Key requirements include:
* Individuals value the welfare of their successors
* Markets are perfect
* Path of state expenditure does not depend on current or future taxes.
How does the political environment influence the provision of health, social, and employee benefits?
The political system impacts policy decisions about healthcare and welfare. Factors include:
Electoral cycles
Governments may focus on short-term benefits to win elections, even if they are unsustainable in the long term.
Political stability
Stable political environments are more attractive to foreign investment, and are important for policy stability.
Public perceptions
Perceptions of inequality or poor economic performance may affect election outcomes, influencing policy.
Political ideology
Different political parties may have differing views on the role of the state.
Describe how an ageing population affects healthcare costs and retirement benefits.
Healthcare
Healthcare costs increase with age, especially for chronic and non-communicable diseases, creating a larger need for retirement savings if not covered by the state.
Retirement
The increasing proportion of older people makes it more expensive to maintain state pensions and healthcare benefits. This can be a threat to the sustainability of benefit systems.

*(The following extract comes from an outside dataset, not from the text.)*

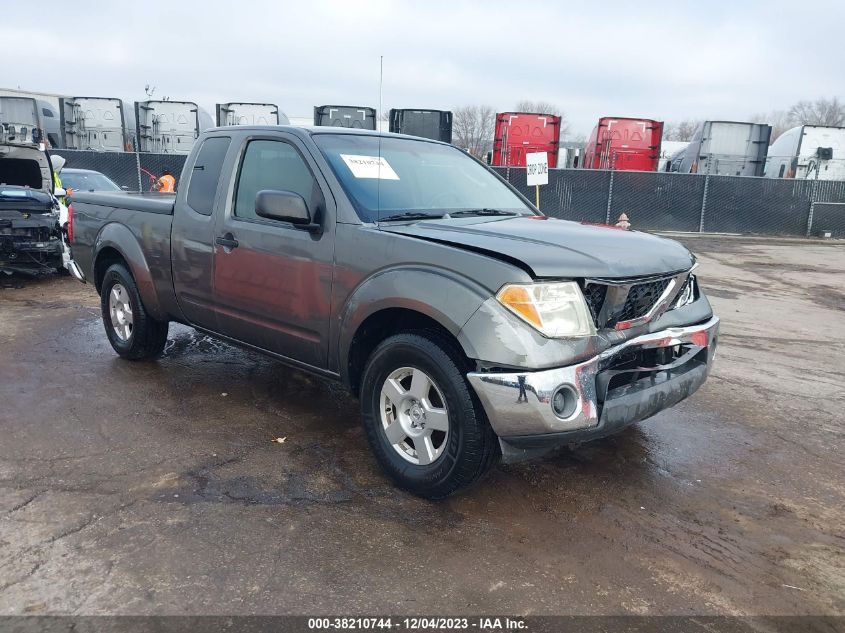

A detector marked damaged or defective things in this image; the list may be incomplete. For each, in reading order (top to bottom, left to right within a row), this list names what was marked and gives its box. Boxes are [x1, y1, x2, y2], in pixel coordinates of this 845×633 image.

damaged gray pickup truck [66, 126, 720, 496]
crumpled front bumper [468, 314, 720, 460]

Explain how a mandatory enforced saving scheme affects the supply of capital, real interest rates, and wage rates.
Supply of capital
Mandatory savings may increase the supply of capital if the funding increases savings and capital investment, but this effect is not certain.
Real interest rate
Increased saving may lead to lower real interest rates because there is more money available for borrowing.
Wage rates
Increased capital investment might lead to decreased demand for labour and may cause wages to fall.
What is the impact of inflation on benefits, particularly retirement benefits?
- Inflation erodes the purchasing power of benefits, especially fixed pensions.
- Expenses may increase at a rate different from salaries, impacting affordability.
- Medical costs, which increase with age, tend to rise faster than general inflation.
How does the time horizon of state-provided benefits compare to that of an elected government? What is a result of this difference?
The time horizon for state-provided benefits is long, whereas that of an elected government is typically short (4-5 years). This mismatch can result in governments expanding benefit programs to win votes, even if they are unsustainable in the long run.